14 Mayıs 2023’te bitiremediğimiz CB seçimi 2. tura kaldı ve 28 Mayıs 2023’te bitecek. İşte bu gün dananın kuyruğu kopacak, ak koyunla kara koyun belli olacak. Düğümü çözecek olan ister köylü, ister kentli bizlerin oyu.

Tek bir oyun bile çok değerli olduğunu bilerek sandığa gideceğiz ve olabildiğinden büyük bir gayretle” sehven” yazılmalara, trafoda kedilere, yolda suya veya çöpe karışmalara, mühürsüz zarflara,  siyasetin sağ yelpazesinde cirit atanların türlü çeşitli Ali-Cengiz oyunlarına karşı pür dikkat karşı duracağız.

Bu yetecek mi?

-Umarım yetecek.

Yetmezse ne olacak?

Kesin bir şey söylemek pek olası değilse de kendimce bir çıkarımda bulunabilirim.

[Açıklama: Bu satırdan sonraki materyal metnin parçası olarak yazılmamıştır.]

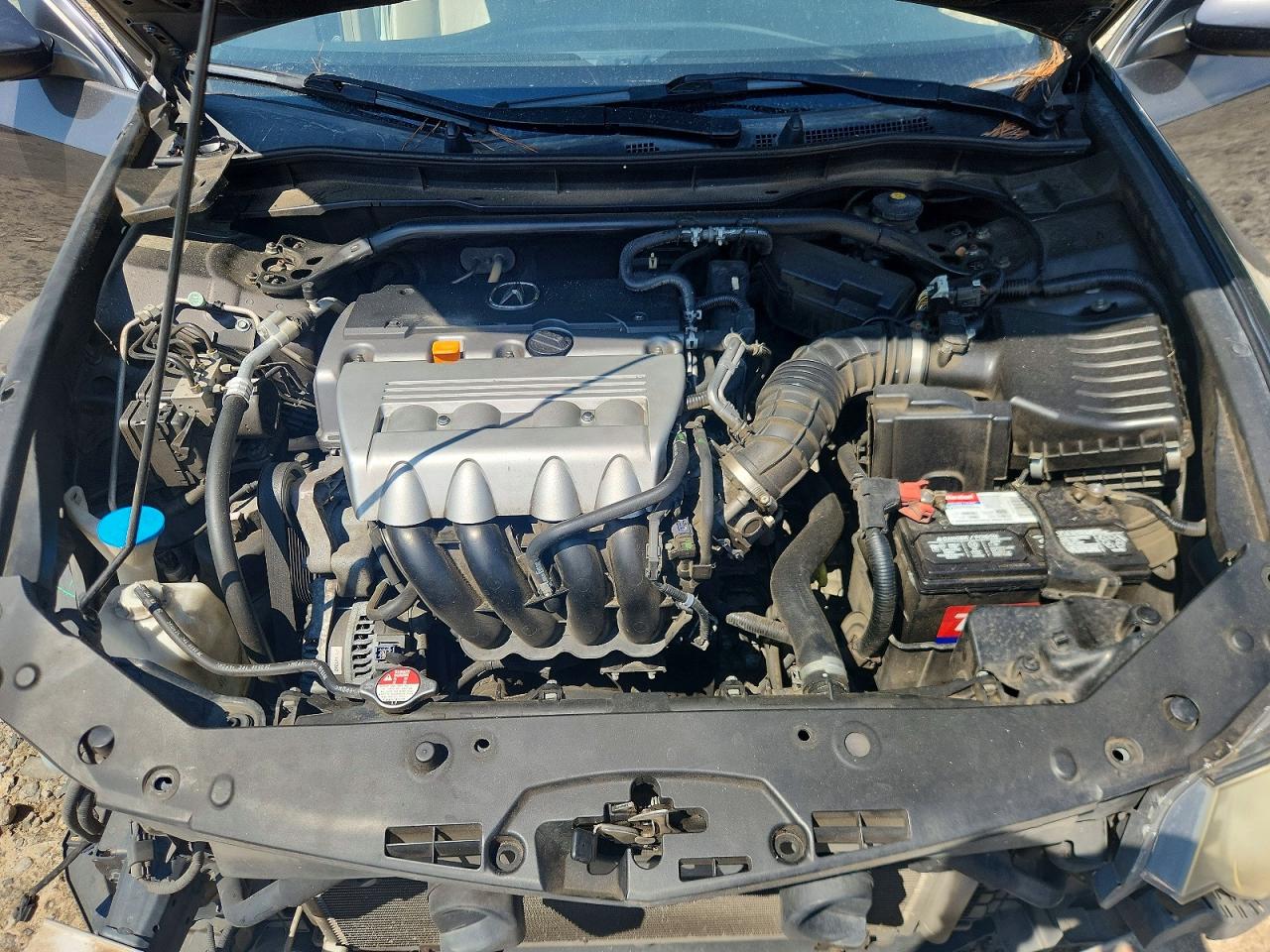 2010 Acura Tsx Gray vin: JH4CU2F61AC001858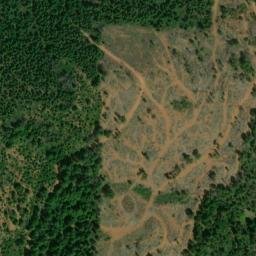 Satellite imagery of Triumph Mine, US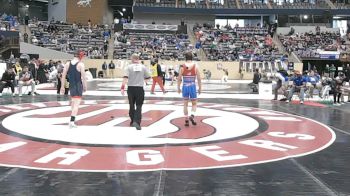 126 lbs Champ. Round 1 - Keenan Clevenger, Madison Central vs Chase Messer, Martin County High School
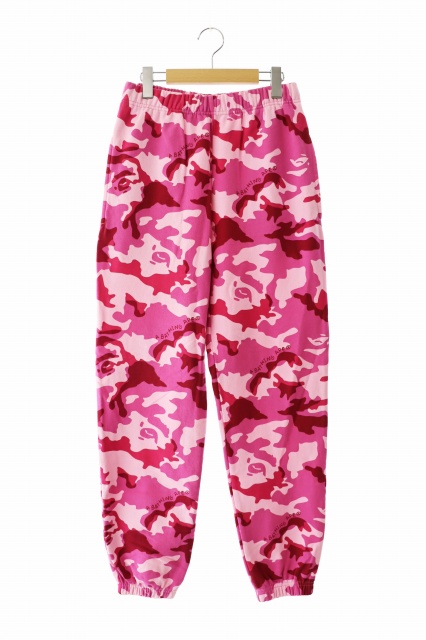 アベイシングエイプ A BATHING APE ABC CAMO APE HEAD SWEAT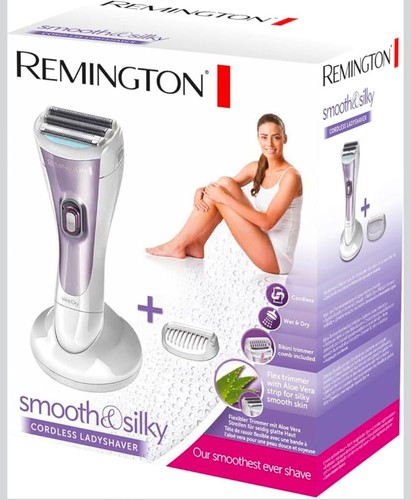 Remington wet and dry cordless - wet,
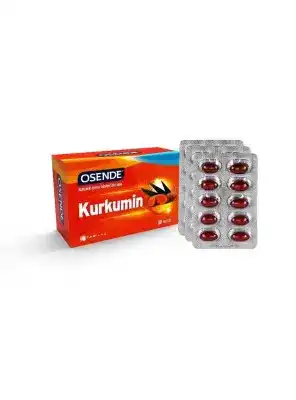 Osende Kurkumin 30 Yumuşak Kapsül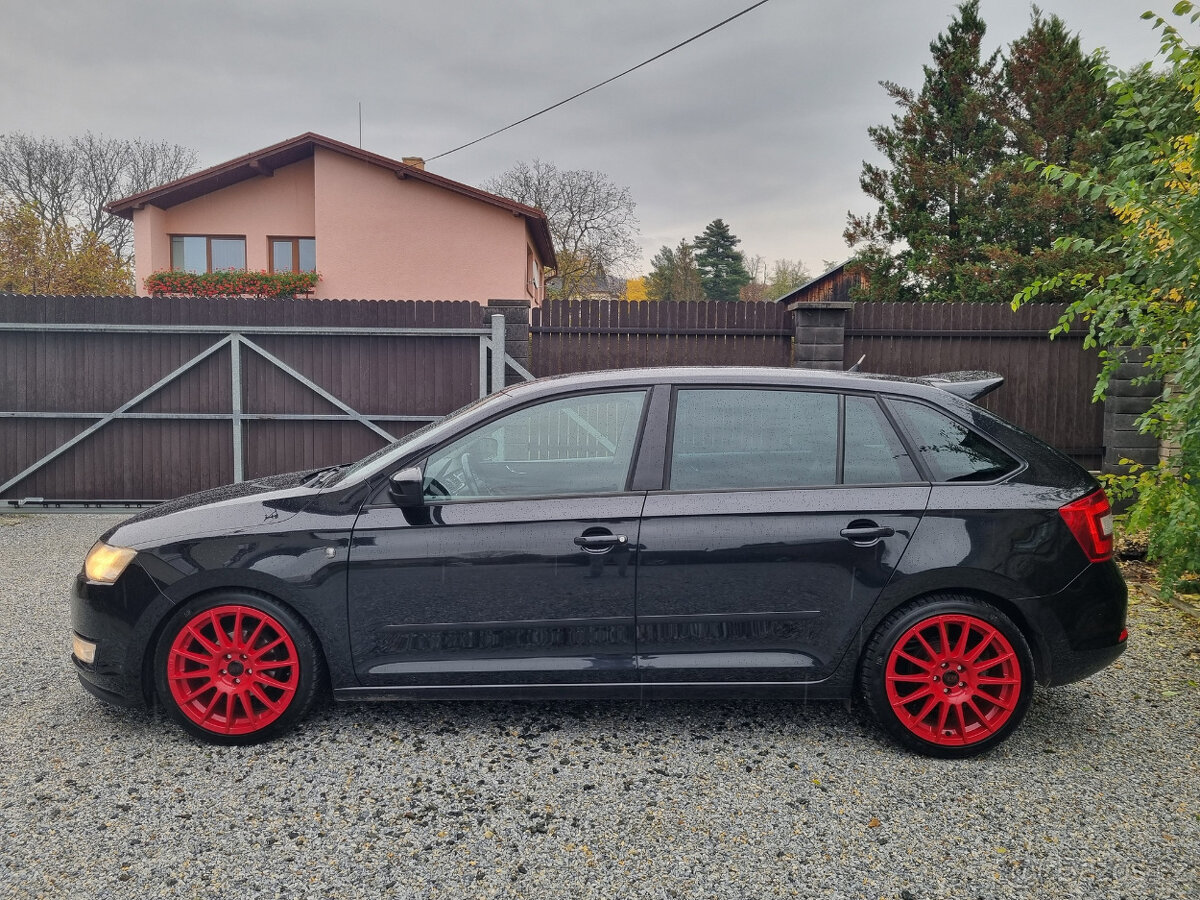 Škoda Rapid 1.2TSi 63kW Ambiente - decentní úpravy - 2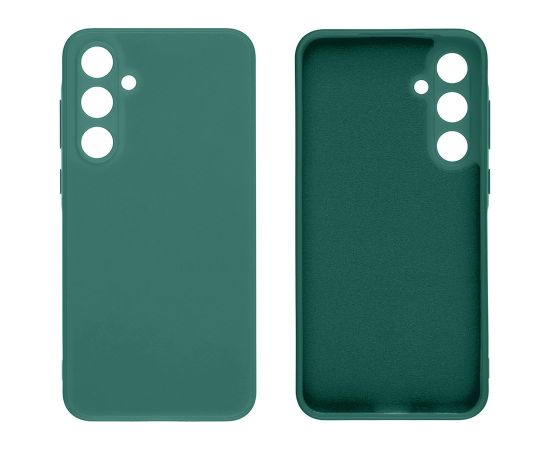 OBAL:ME Matte TPU Cover for Samsung Galaxy A35 5G Dark Green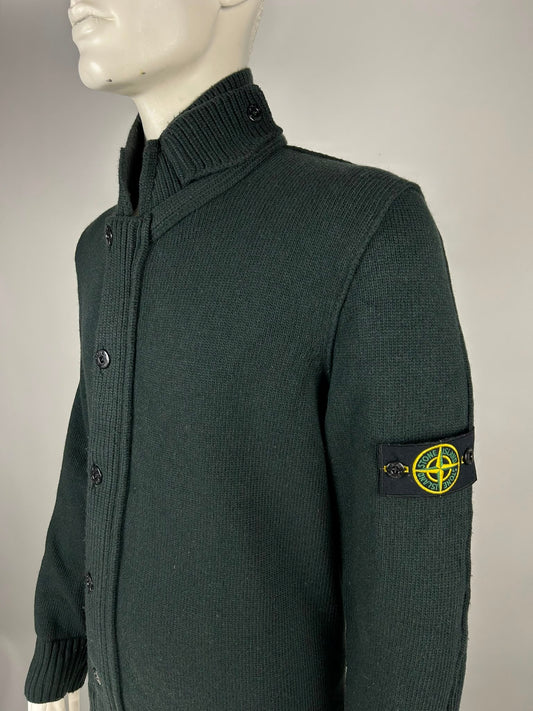 Stone Island Wool Knitwear Cardigan (XXL)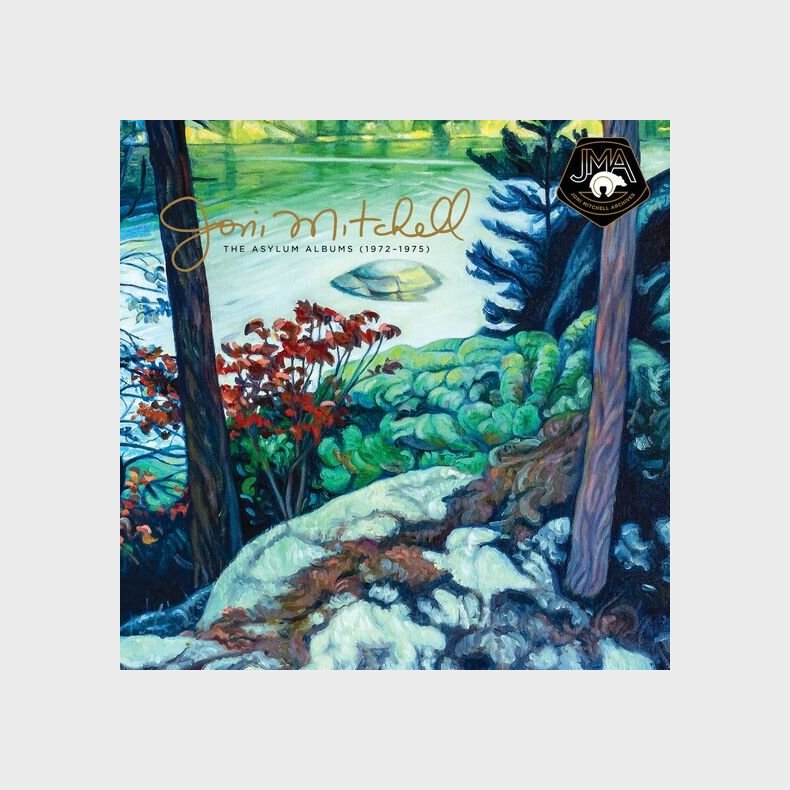 Joni Mitchell - The Asylum Albums - 1972-1975 - Vinyl Lp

14 Mayıs’ın ertesi güne kalan sayım sonucu orada bitti. 28 Mayıs 2023 bir dönüm noktasını gösteriyor.

Ya ucu faşizme ve dinci dayatmalara uzanan bir otoriter tek adam yönetimine olur vereceğiz ya da demokrasi, haklar, insana saygı, çocuğun masumiyeti, kafa kesen/asker yakan, domuz bağı ören gericiliğin meclise girmesine olanak tanıyacağız.

İşte bu aşamada Sinan Oğan faktörü düşük bir oy oranıyla da olsa bir etken olarak karşımıza çıkıyor. Durumu değiştirecek bir etki yapmayacağını düşünüyorum. Her ne kadar çelişkili bir siyasal gelişme gösterse de, dün dediğine bugün karşı pencereden baksa da, yüzüne yediği yumruk izini unutmuş olsa da iki gün daha gündemde kalacak, seçimden sonra ayakları onu nereye götürecek bilinmez. Hazar Denizi’nden bu tarafa esen rüzgârlar nahoş kokular getiriyor. Hesaplar öyle anlaşılıyor ki kendisine dönmüş. Sayın Oğan bu zik-zaklı davranışıyla, farkında mıdır bilmem ama siyasal yaşamına noktayı koymuş görünüyor.

Biz baskıya, pahalılığa, yolsuzluğa altüst olan yaşamın sürdürülmesine karşı Sayın Kılıçdaroğlu’na oy vermek üzere sandığa gideceğiz. Hakkında çıkarılan yersiz, temelsiz, montaj dedikodulara halkın itibar etmeyeceği ve demokrasi anlayışını oylayacağı kanısındayım.

Yazı yazma ve söz söyleme, özgürce türkülerimizi, şarkılarımızı okumaya, çağdaş dünyada yerimizi yeniden bulmaya oy vereceğiz.

Demokratik, laik, sosyal hukuk devletinin yeniden tesis edildiği, burjuva demokratik anlamda da olsa parlamenter demokrasinin yerli yerine oturmasına, insan haklarının yüce değer olarak benimsenmesine, çocuklarımızın korkusuz, art niyetsiz bir ortamda eğitim görmesine ve yaşamasına oy vereceğiz.

Bekleyelim 29 Mayıs’ta doğan güneş ne getirecek.

Şimdiden ülkemiz için hayırlı olsun.